|Date :||From 2012-06-05 To 2012-08-10|
|Advisory committee :|
|Local coordinators :||H.-J. He, C.-S. Li, T.-J. Li (Contact Person), C. Liu, M.-X. Luo, Jing Shu(Contact Person), Z.-G. Si,J.-M. Yang, S.-H. Zhu|
|International coordinators :||J. Ellis, T. Han, Y.-P. Kuang, P. Langacker, T.-J. Li (Co-Chair), L.-T. Wang (Co-Chair), Y.-L. Wu, C.-P. Yuan|
The Standard Model (SM) is a tremendous success of twentieth century physics. However, there are quite a few problems in the SM that motivate new physics, for example, the gauge hierarchy problem, the strong CP problem, the SM fermion mass hierarchies, the absence of gauge coupling unification, charge quantization, etc. In addition, there are convincing pieces of evidence for new physics beyond the SM, for instance, dark matter, neutrino masses and mixings, cosmic inflation, and dark energy. From the theoretical point of view, all of the gauge interactions might be unified into Grand Unified Theories (GUTs), and all the fundamental interactions in Nature might be unified in string theory. To understand the fundamental laws of the Nature, we need to test the new physics scenarios around the TeV scale, and try to probe the physics close to the Planck scale, in the current and future experiments.

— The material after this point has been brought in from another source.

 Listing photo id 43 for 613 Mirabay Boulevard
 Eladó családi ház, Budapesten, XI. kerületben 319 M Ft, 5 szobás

The Large Hadron Collider (LHC) has been operating since March 30, 2010. At the moment, more than 1 fb−1 data have been collected by each of the two multi-purpose detectors ATLAS and CMS, with many participants from China and dozens of other countries. The machine and experiments continue to perform well. The SM has been “rediscovered”. For example, measurements of the W± and Z0 gauge bosons are consistent with expectations, as are those of the top quark, and b quark tagging is working very well. The shape of distributions for high energy jets and missing transverse energy are also in good agreement with Monte Carlo simulations. Operating at a center of mass energy of 7 TeV, the LHC has brought the field of High Energy Physics (HEP) to a new energy frontier. It is expected to at least reach an integrated luminosity of 2 or 3 fb−1 by the end of 2011 and perhaps 5 to 7 fb−1 by the end of 2012. This will enable us to explore directly large classes of new physics beyond the Standard Model at the TeV scale, an energy frontier at which new physics is strongly expected to appear. Needless to say, it is crucial and timely in 2011 to focus on implications of the early LHC data. Intensive studies have already been performed on new physics and their phenomenology at colliders, and much is being learned about how to interpret the signals of new physics.
The specific content of this program will naturally depend on the outcome of the early stages of the LHC operation, and its emphasis will certainly be on addressing whatever physics opportunities and challenges arise from LHC data. It could include detailed consideration of the Standard Model physics, discussions on potential indications of early discovery, as well as possible implications for theoretical models and further experimental studies. Potential areas to focus on include supersymmetry, GUTs, string phenomenology, Higgs physics, top quark physics, B physics, large extra dimensions and alternative approaches, keeping in mind related electroweak and QCD issues. We also note that there are many other experiments which will produce interesting results in the next couple of years, including neutrino physics, dark matter searches and measurements of flavor mixings and CP violation. While the main focus of our proposed program is on topics directly related to LHC data, the synergy of the LHC results with other experiments and measurements will also be considered. We would strongly encourage the participation of experimentalists. In addition, we shall organize a three-day conference associated with the program, with the time to be determined. Major LHC experimental collaborations have shown interest in participating and presenting their results. The program should lead to new research results and opportunities for fruitful collaboration. It will also provide a valuable venue for having pedagogical lectures.
Given the large impressive pool of the applicants from a broad base, we believe that this program will serve as a great platform to promote on-site research collaborations. With active on-going analysis of the LHC data, such a program will be of great benefit to the Chinese particle physics community in stimulating activity in these areas and in increasing connections to the international experts active in these areas. Such interaction and collaboration will not only be beneficial to Chinese physicists and their international colleagues, but also be scientifically important and help fill a gap compared to other areas of particle theory worldwide.